En outre, ils font valoir que les investissements considérables pesant sur les seules salles de cinéma ont permis de reconquérir le public au bénéfice de l'ensemble de la filière. Dans ce contexte, la fragilisation de l'équilibre économique des salles se voit renforcée par la constante apparition de nouveaux diffuseurs des oeuvres (télévision, DVD, VOD) et le développement du piratage, qui touche prioritairement la salle.

c) La poursuite des réflexions sur le modèle économique

Rappelons que le rapport remis par M. Daniel Goudineau en août 2006, intitulé « Adieu à la pellicule ? Les enjeux de la projection numérique », a permis de faire progresser un débat qui, en France, n'avait été qu'à peine amorcé. Il a mis en lumière les bouleversements profonds que le développement de la projection numérique entraînera pour l'ensemble de la filière cinématographique.

Une position d'étape du CNC sur les principales questions soulevées par la projection numérique a été proposée au deuxième trimestre 2007 à la concertation des différentes parties concernées. L'objectif est de définir le cadre général du déploiement de la projection numérique, puis, sur cette base, de constituer un groupe de travail sur ses conditions économiques et de préparer les mesures qui apparaîtront nécessaires.

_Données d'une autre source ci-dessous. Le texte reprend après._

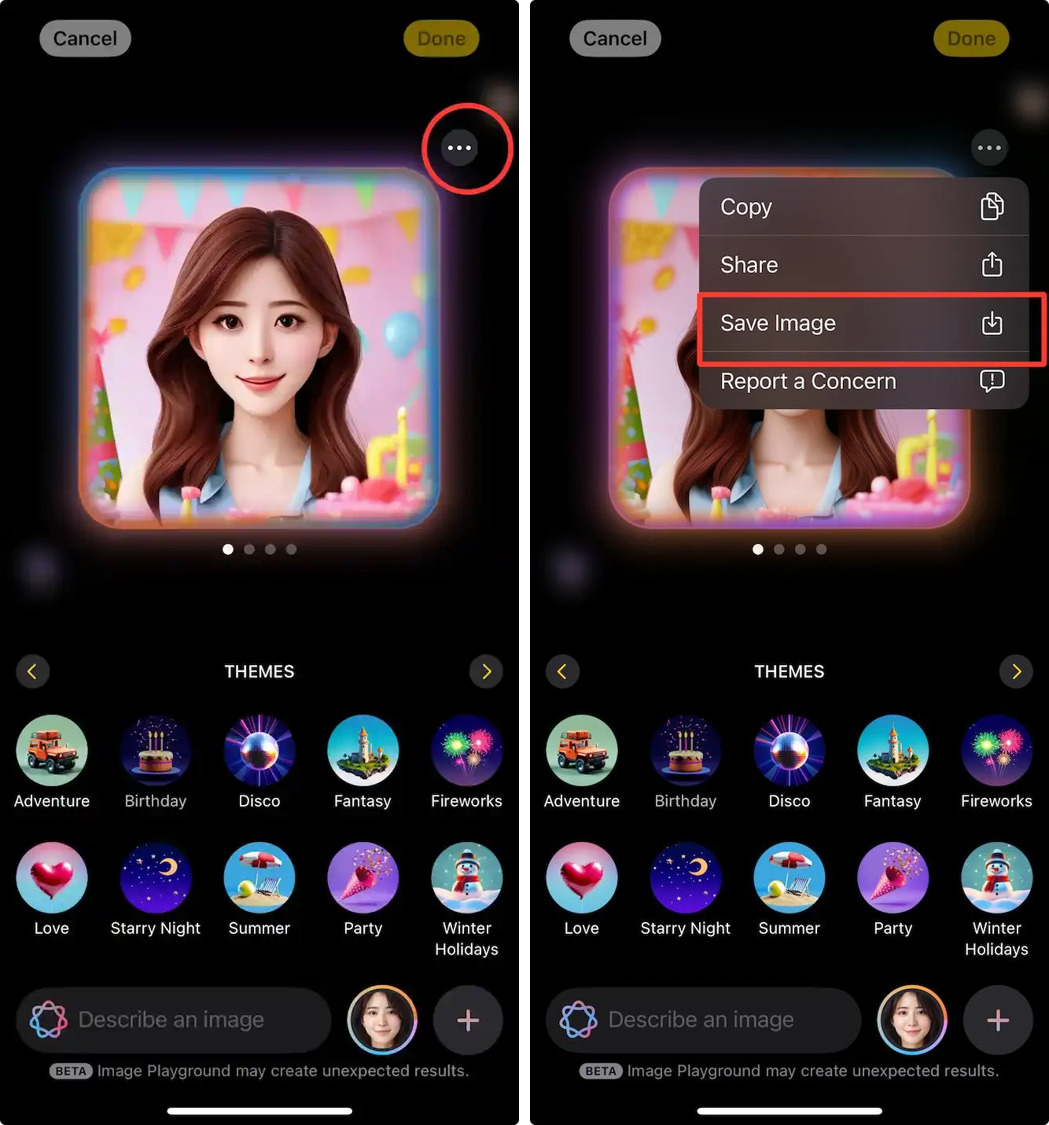 Enregistrer image avec Apple Intelligence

En effet, l'accompagnement de ces mutations soulève des questions de régulation publique et appelle sans doute une adaptation du soutien financier géré par le CNC.

Il convient de déterminer des modes de financement mobilisant, en complément des économies réalisées par les distributeurs, une palette de moyens, tout en garantissant l'indépendance de programmation des exploitants, ce que votre commission considère comme un impératif.

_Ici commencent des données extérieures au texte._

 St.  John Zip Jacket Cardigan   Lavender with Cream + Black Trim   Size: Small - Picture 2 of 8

Parmi ces moyens, les pistes de réflexion et d'action suivantes ont été identifiées :

- permettre une mobilisation accrue du soutien automatique par les exploitants ;

- permettre cette mobilisation en cas de non propriété des matériels ;

- donner aux exploitants des possibilités de garanties par l'IFCIC ;

- envisager une coordination avec les aides des collectivités territoriales ;

- étudier l'intérêt de regroupements d'exploitants pour bénéficier d'économies d'échelle.

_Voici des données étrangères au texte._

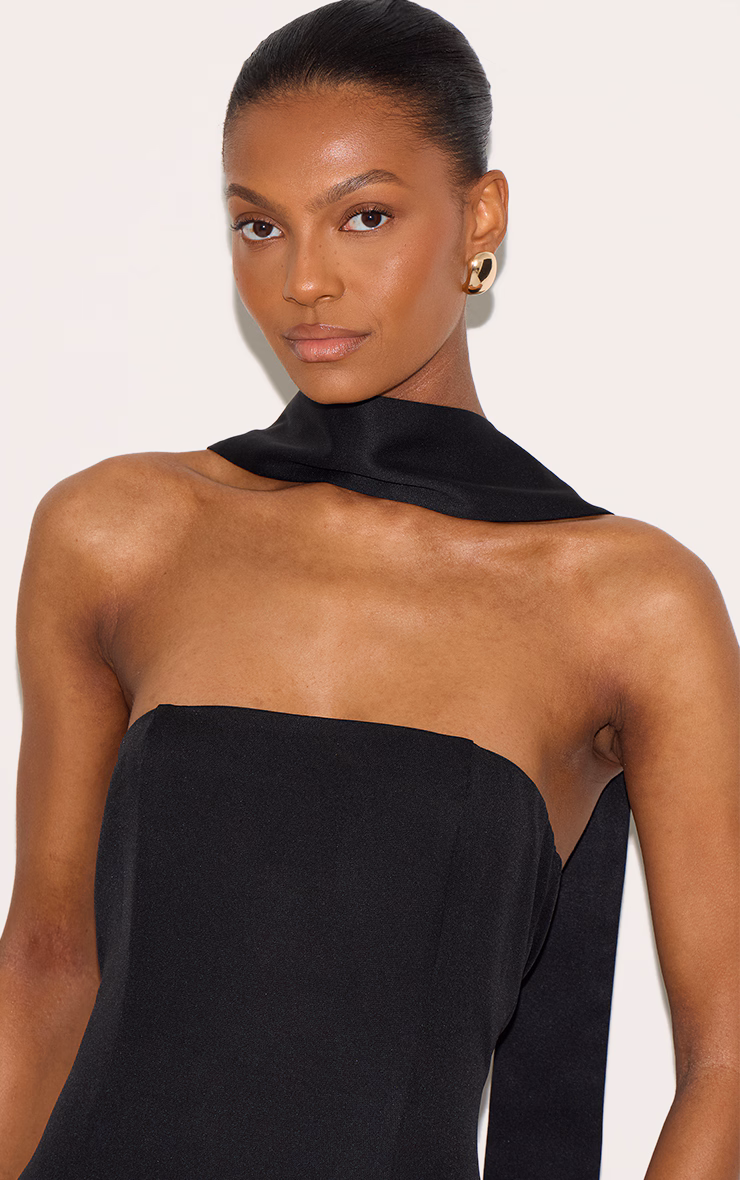 Black Woven Asymmetric Pleated Maxi Dress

Trois modèles économiques principaux sont évoqués :

- celui dans lequel l'installateur (ou tiers investisseur) se voit confier plus ou moins globalement l'équipement de la salle et la gestion de la projection numérique en se finançant au moins partiellement directement auprès des distributeurs ;

- celui où l'exploitant commande et finance lui-même les différentes prestations qui lui sont nécessaires ;

- celui proposé par le rapport susmentionné de M. Daniel Goudineau, qui impose une gestion centralisée publique ou parapublique de certains maillons de la chaîne, notamment la génération des clefs.

Estimant que ce dernier modèle ne paraît pas faire l'objet d'un consensus suffisant au sein de la profession et qu'il nécessiterait un dispositif législatif lourd, le CNC semble privilégier la deuxième voie évoquée.

En tout état de cause, les exploitants seront contraints de gérer la période délicate de la transition d'une technologie vers l'autre, avec une phase de coexistence des deux types d'équipement - dans les cabines de projection qui le permettront - qui peut s'avérer coûteuse mais nécessaire tant que l'ensemble des films ne seront pas eux-mêmes produits en numérique.

Il conviendra aussi de prendre en compte la nécessaire formation des personnels concernés.

Enfin, votre rapporteur insiste sur la vigilance dont devront faire preuve tant les pouvoirs publics que les professionnels afin que des écarts ne se creusent pas durablement entre des salles « à plusieurs vitesses ». A cette fin, une attention particulière devra sans doute être portée envers les salles d'art et essai ainsi que les salles jouant un rôle spécifique en matière d'aménagement culturel du territoire.

* 5 « Approche générationnelle des pratiques culturelles et médiatiques » - DEPS - Ministère de la culture et de la communication - Juin 2007.